El pasado mes de abril saltó a la prensa el caso de una empresa situada en Valladolid que se dedicaba a la producción de semilla de cereal de trigo certificada. De acuerdo con la sentencia que acabó condenando tanto a su administrador como a la propia entidad jurídica, habían producido trigo de dos variedades protegidas para su posterior comercialización entre los agricultores como si se tratase de semilla certificada, falsificando para ello las etiquetas de los envases.

A principios de verano la Guardia Civil destapó una trama de estafa orquestada por una empresa granadina que vendió cientos de toneladas de pepino convencional con la etiqueta de producto ecológico o “bio” y al doble de su precio, aumentando su margen de beneficios de forma fraudulenta.

Finalmente, este mismo mes de noviembre otra organización domiciliada en el País Vasco ha sido condenada por el Tribunal Supremo por haber creado un sitio web con el nombre de una empresa competidora y redirigirla a una página pornográfica para minar su reputación.

Son muchos los ejemplos, y todos conducen a la misma conclusión: No basta solo con agudizar los sentidos y realizar un debido análisis de los riesgos organizacionales; todo examen, por pormenorizado que sea, será inútil sin una firme voluntad de la organización de actuar en el mercado de forma ética y leal.

El experto en Compliance debe desarrollar una pormenorizada tarea de inmersión en la organización, siempre de la mano de su órgano de gobierno y con la ayuda de todos los miembros de la misma, de modo que pueda identificar, dimensionar  y buscar soluciones proporcionales y eficientes para los riesgos reales a los que la misma se halla expuesta.

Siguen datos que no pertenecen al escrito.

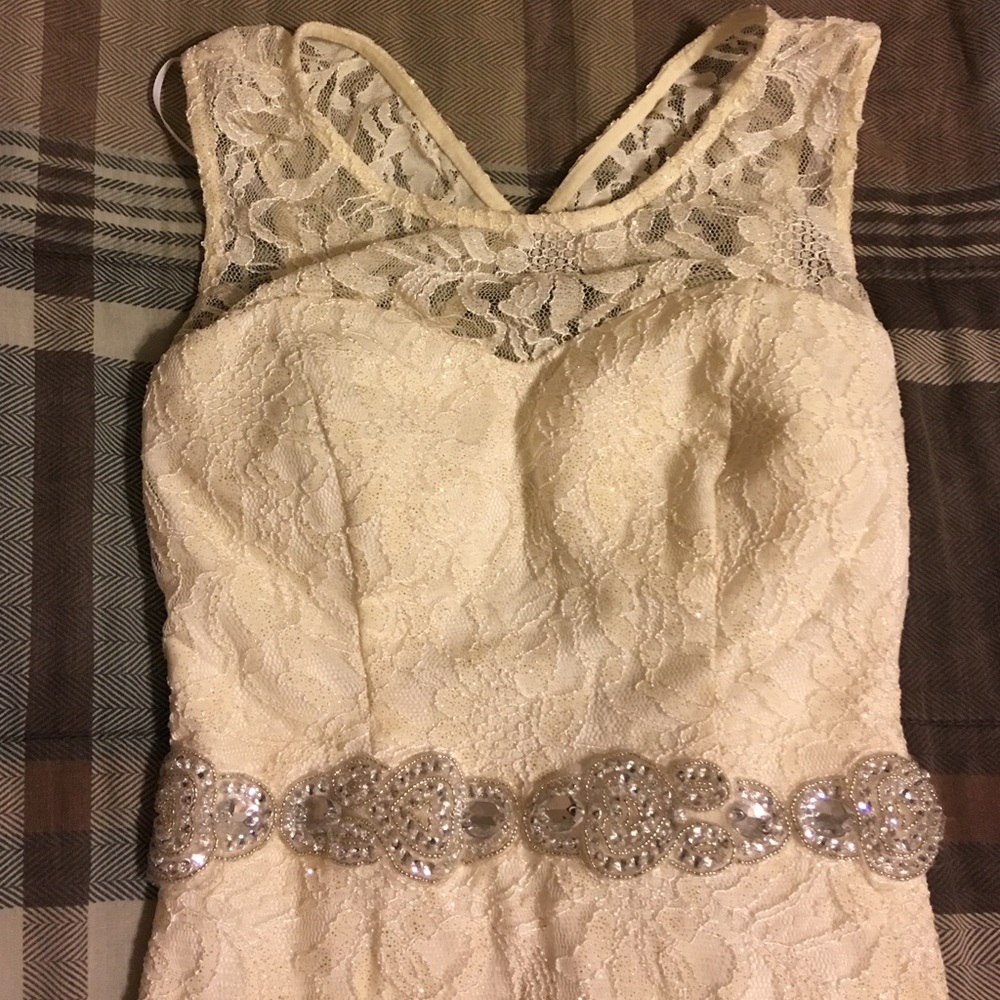 Dress - Picture 4 of 6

En muchas ocasiones, el riesgo más probable podrá ser el menos relevante por su potencial impacto, y viceversa.  Ello no quiere decir que deba ser ignorado. Significa que debe recibir la debida atención en el conjunto de riesgos detectados.

La falsa creencia de seguridad porque hasta ahora todo ha ido bien puede conducir a un fallo estratégico catastrófico, que en caso de materialización de un riesgo, deje a la organización absolutamente expuesta a consecuencias administrativas, penales y reputacionales.

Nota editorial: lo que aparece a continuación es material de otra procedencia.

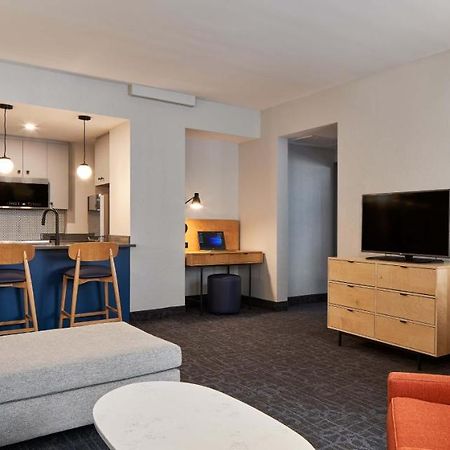 The Carleton Suite Hotel Отава Екстериор снимка
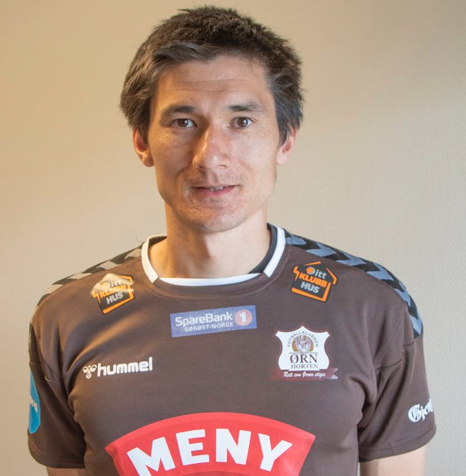 En levende legende fortsetter i brunt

Sin embargo, el Sistema de Compliance está vivo, y se manifiesta a través de todos y cada uno de los miembros de la organización, siendo el órgano de gobierno el primero en la lista. Sin su colaboración, el Sistema no es más que papel mojado.

La implementación de un Sistema de Compliance exhaustivo y hecho a medida de la organización puede ser la barrera cortafuegos que 1) identifique el riesgo y lo valore a partir de un método técnico contrastable, 2) evite su materialización mediante la implantación de medidas y controles eficientes y proporcionales a la capacidad de la organización, y 3) en caso de no haber podido evitarla, justifique que la organización ha hecho todo lo que razonablemente estaba en su mano para impedirlo, reduciendo los potenciales daños por sanciones administrativas o judiciales, así como salvaguardando su reputación.

Paralelamente, si existe una implicación real, un Sistema de Compliance es la mejor prueba de la participación de la organización en el mercado bajo unos principios éticos firmes e inquebrantables, que nutren todas y cada una de sus actividades y la de sus miembros, alineándolos en el seno de una cultura ética contraria a las actitudes desleales.